While focus often falls on the NHS, cuts to local authority budgets have had serious consequences for the UK's healthcare systems.

By Gwen Nightingale and Katherine Merrifield

Conversations about health often turn to the NHS, but, if you step back and look at what makes and keeps people healthy, it is actually things like high-quality and affordable housing, access to safe, green spaces, a good education and employment. Local government is critical to delivering these building blocks of health. But the essential role that councils play in enabling people to live long and healthy lives is not reflected in their current budgets.

Councils have a challenging 2024 ahead of them, and balancing the books is at the forefront of many minds. A significant reduction in council spending power since 2010, soaring inflation rates and an increased demand for services create a perfect storm. Since 2018, 11 section 114 notices have been issued by English councils who are unable to balance the books, and many more local authorities predict this will be necessary in the next 18 months. The result is that many councils are struggling to deliver statutory services, let alone invest in the building blocks needed to support good health. Last month, alongside additional funds, government announced the creation of an expert panel to look into financial sustainability in the sector. This could be a positive step, but only if the panel is given permission to consider the amount of money local government needs and how any government funds are allocated to local areas.

Recent research by the Institute for Fiscal Studies (IFS), funded by the Health Foundation, shows that local authorities are not being allocated funding for public services in line with the needs of their areas. The IFS research looked at funding across five key public services: the NHS, schools, local government, the police and public health. These services are all critical to ensuring the health and well-being of local communities.
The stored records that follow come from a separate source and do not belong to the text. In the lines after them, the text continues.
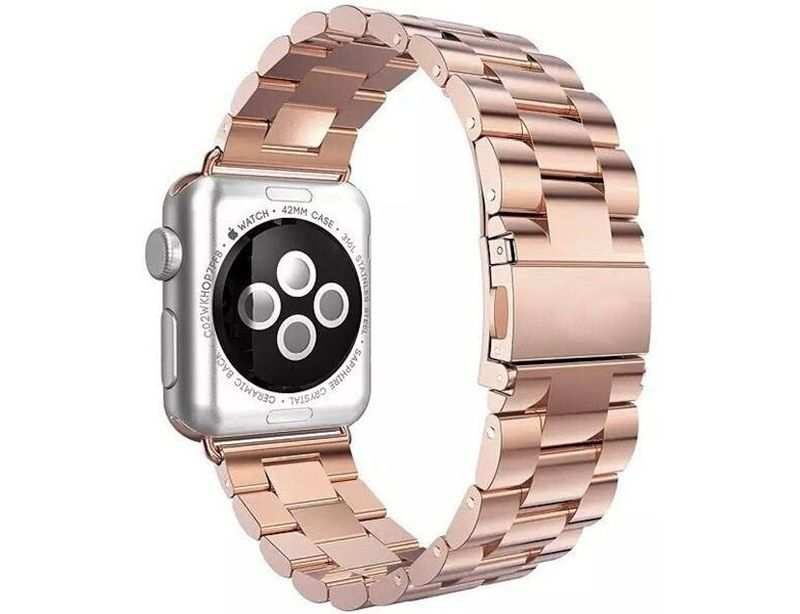 Rose Gold Stainless Steel Band for Apple Watch - Image 3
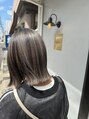 ヘアーリゾート ルアーナ(hair resort LUANA)&nbsp;白髪が気になる方にも人気のハイライト、自然に馴染む色合いです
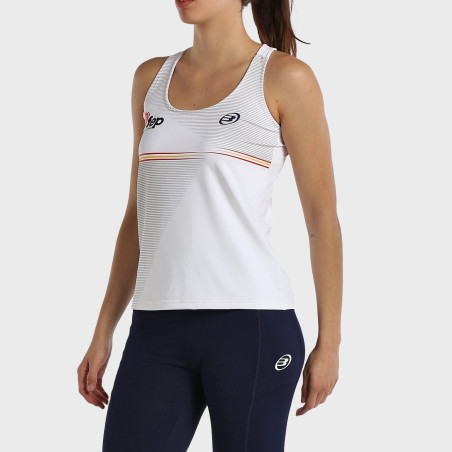 DÉBARDEUR BULLPADEL FUNI BLANC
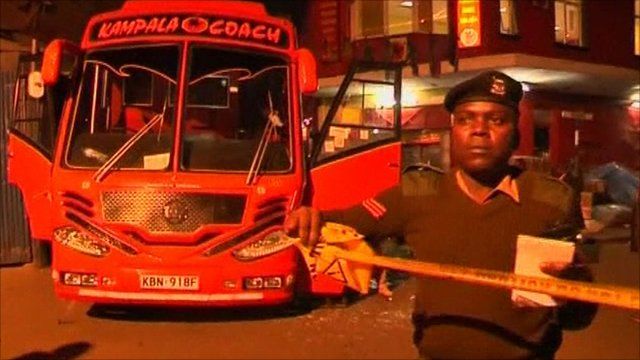 Kenya bus wreckage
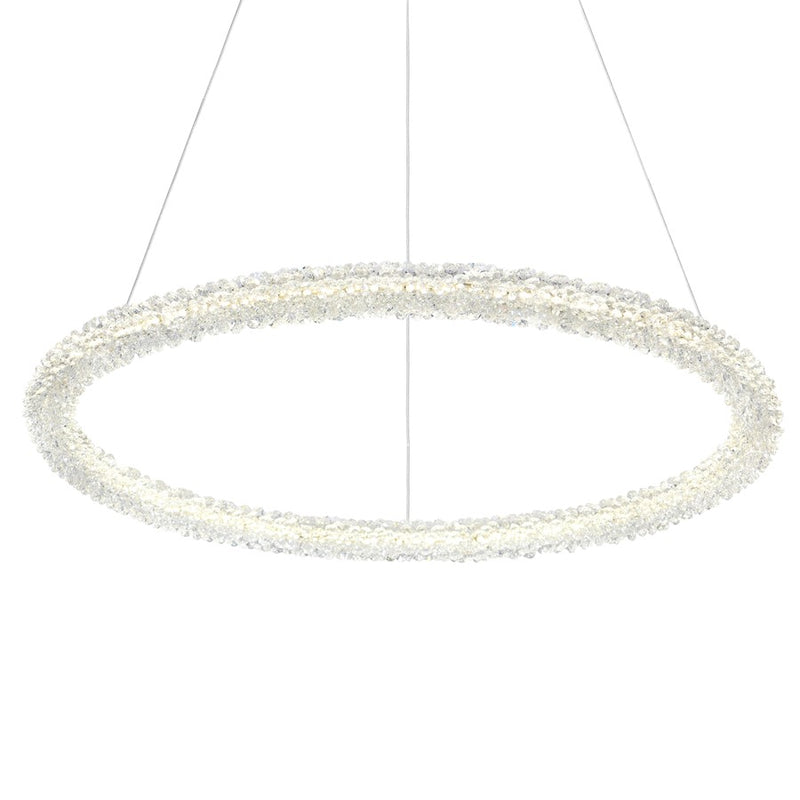 CWI Lighting Arielle 32" Down Chandelier, Chrome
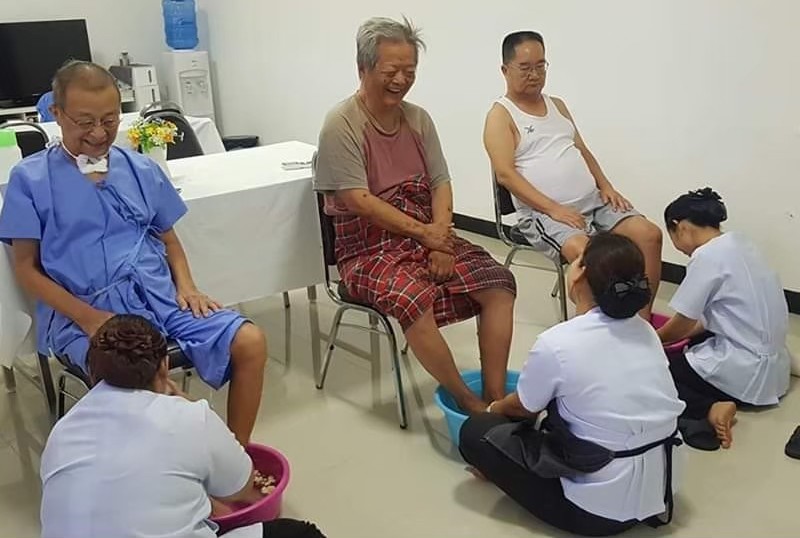 Respectful washing of feet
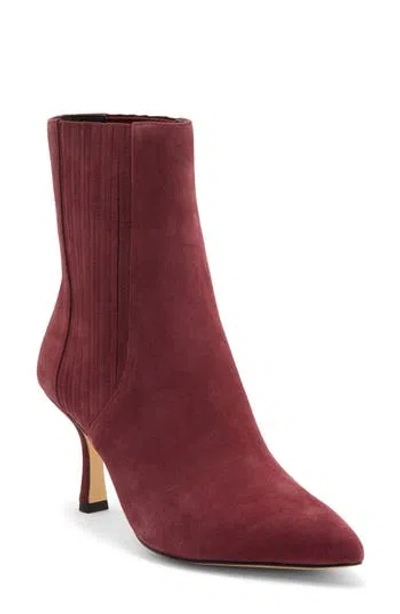 Stuart Weitzman Isla Chelsea Bootie In Burgundy
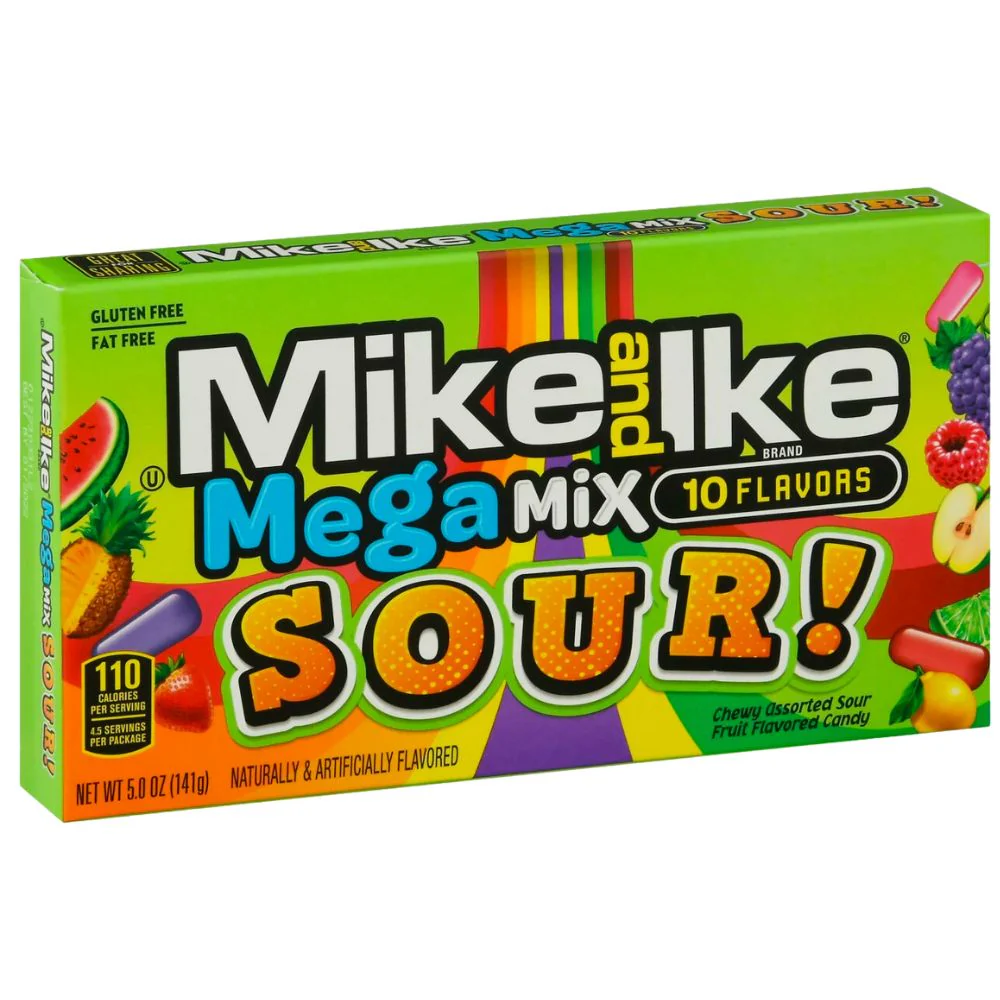 Mike and Ike Mega Mix Sour, caramelle aspre alla frutta da 141g
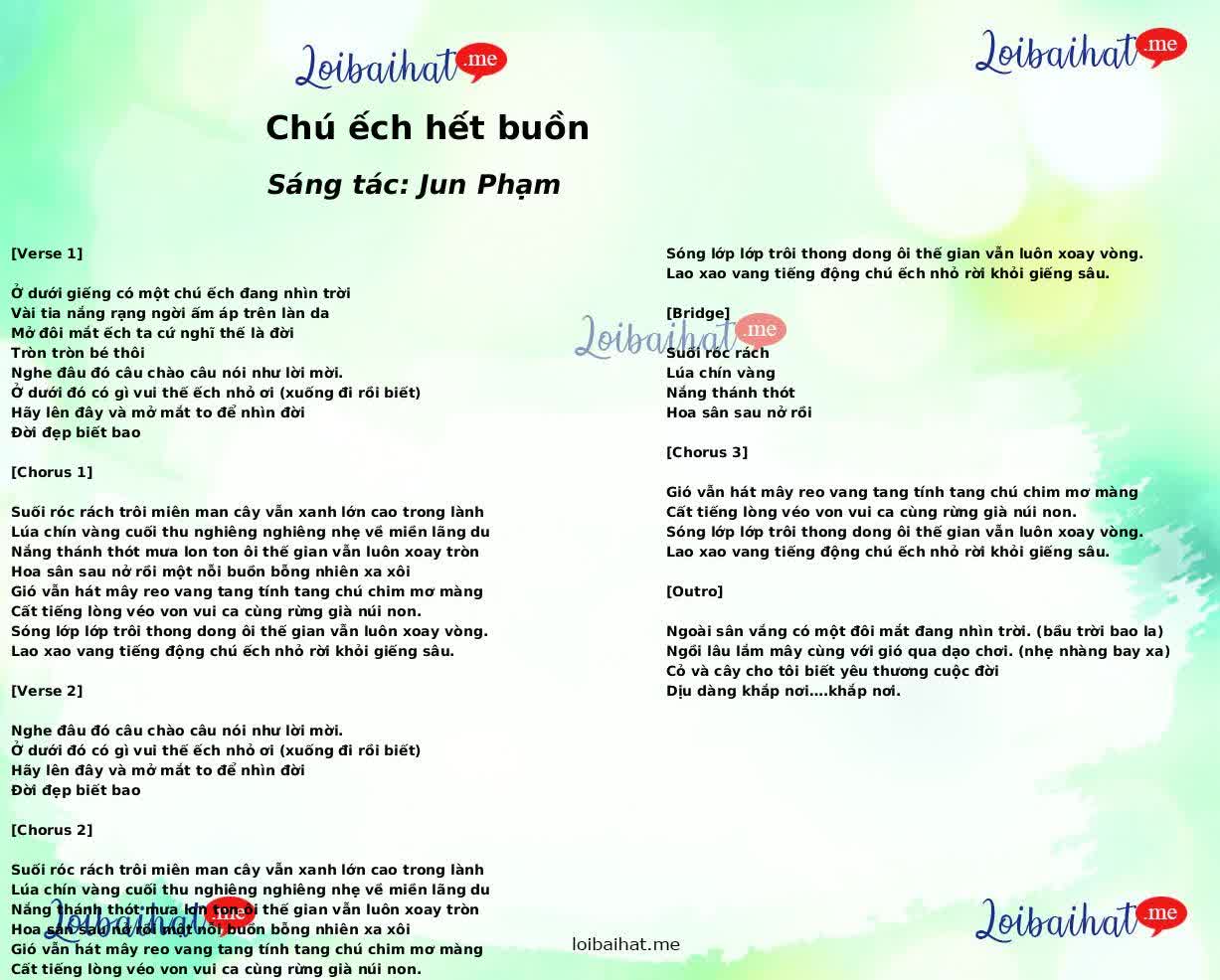 Chú ếch hết buồn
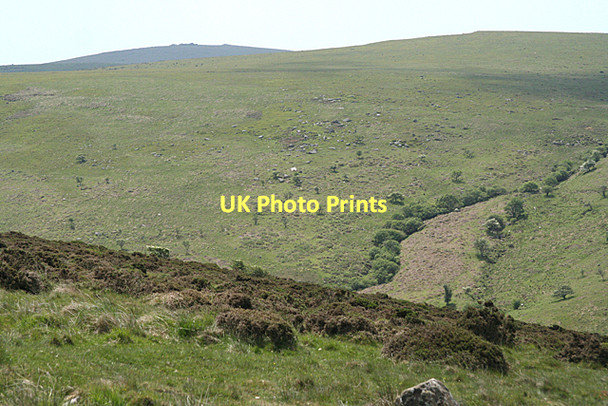 Photo 6"x4" South Brent: towards Middle Brook Didworthy c2011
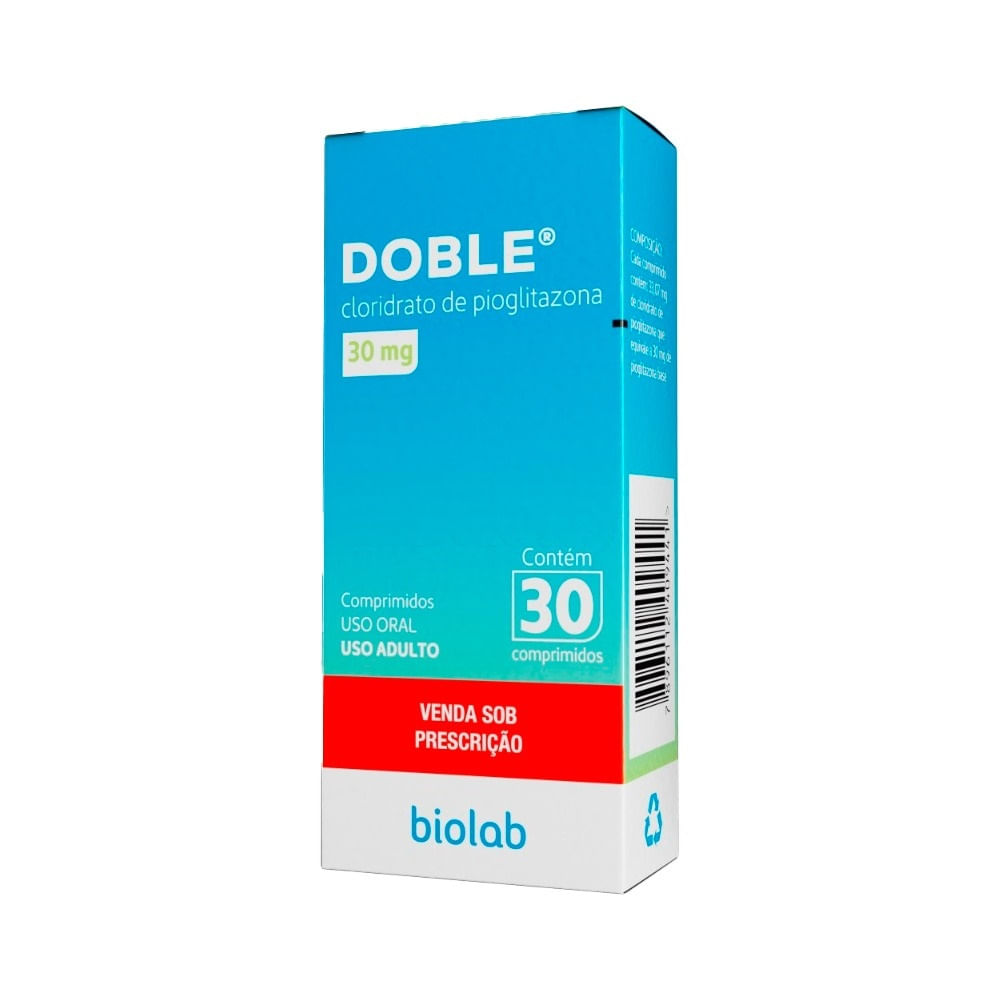 Doble 30mg 30 Comprimidos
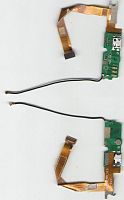 Нижняя плата Bravis Solo межплатный шлейф+компоненты Б.У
Any funding system should be aligned with need, reflecting the fact that some areas have more challenging situations. Some will need a higher proportion of funds to improve well-being and outcomes than others. But the IFS research found that the relationship between funding and need is breaking down, meaning deprived areas are not getting the level of funding they need to address the specific needs of their communities.

The relationship between funding and need remains relatively strong for both NHS funding, where there is a specific top-up to address health inequalities, and also for the public health grant, which has a strong link to deprivation. But this is not the case for local government, where there is less of a focus on providing additional financial support for deprived areas: the most deprived fifth of areas receive on average 9 per cent less local government funding (£92 per person) than their share of needs. In contrast, the least-deprived fifth of areas received on average 15 per cent (£108 per person) more local government funding than their share of needs. And in 2022-23, a quarter of all upper-tier local authorities were receiving at least 10 per cent less funding than they would have been if the funding was in proportion to their updated estimated needs. This is a significant amount that could enable authorities to have the financial resilience needed to retain valuable non-statutory services that contribute to people’s health.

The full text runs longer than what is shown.